Let $I$ be an interval of the real line and $f:I\rightarrow \mathbb{R}$ a function. Define the divided difference of $f$ at the points $x_0<x_1<\cdots<x_{n+1}$ in $I$ by $$ [x_0;f]=f(x_0)\; , \; [x_0,x_1,\cdots,x_{k};f]=\frac{[x_1,\cdots,x_{k};f]-[x_0,\cdots,x_{k-1};f]}{x_k-x_0}, $$ for every $1\leq k\leq n+1$. The function $f$ is called convex of order $n$ or $n$-convex if for any system $x_0<x_1<\cdots<x_{n+1}$ of points in $I$ it holds that $[x_0,x_1,\cdots,x_{n+1};f]\geq 0$, and it is $n$-concave if $-f$ is $n$-convex.

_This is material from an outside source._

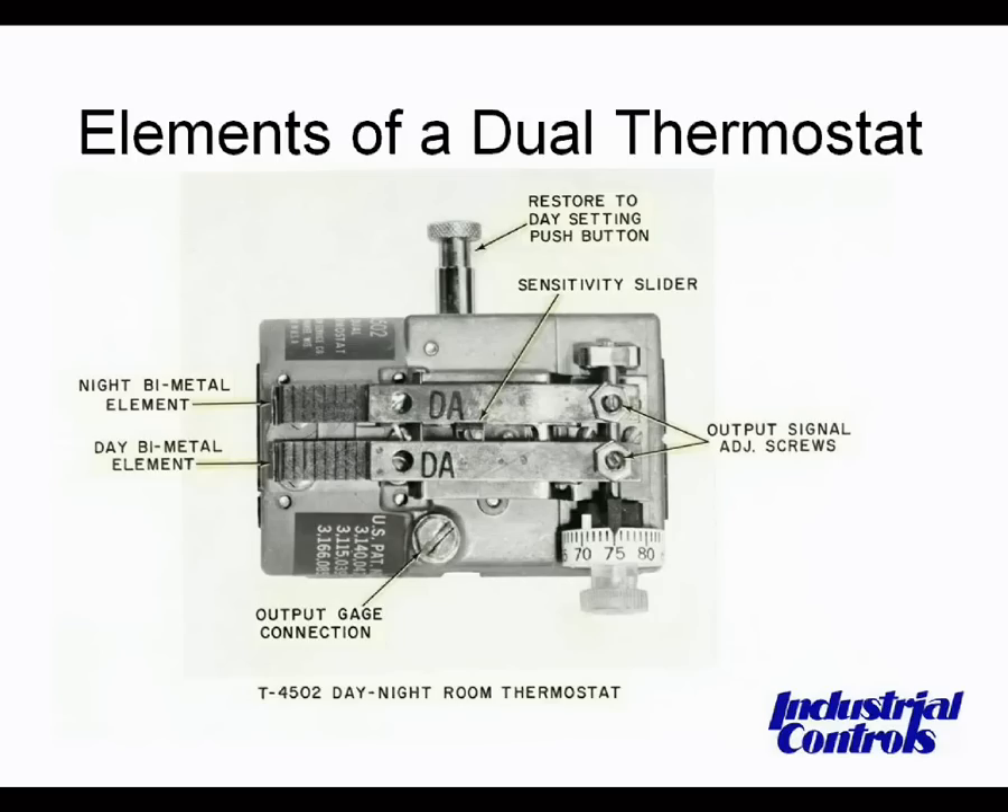The opportunity here is to recognize a dual-element thermostat when you see one. This unit represents a thermostat which, in the case of heating, allows a comfortable daytime setting of, say, 70 degrees and an energy-saving lower nighttime set point of, say, 60 degrees. Each element is calibrated separately. The day-night changeover is accomplished by alternating the mainline or supply pressure. With Johnson Controls, this is switched between 15 and 20 pounds mainline pressure, with the actual changeover occurring at the midpoint — 17.5 pounds.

Now, can somebody prove that:
(a) If $f:\mathbb{R}^+\rightarrow \mathbb{R}^+$ is a function such that $\log f$ is concave of order $2$, then for every $0<u<v<w<z$ the following inequality holds \begin{equation} \left(\frac{f(z)}{f(u)}\right)^{w-v}\leq \left(\frac{f(w)}{f(v)}\right)^{z-u} \end{equation}
(b) If $f$ is three times differentiable on $I$, then $f$ is convex of order two if and only if $f'''(x)\geq 0$, for all $x\in I$.
I have not the points for a comment so :
See the lemma 1) of this paper there is an answer to your first question.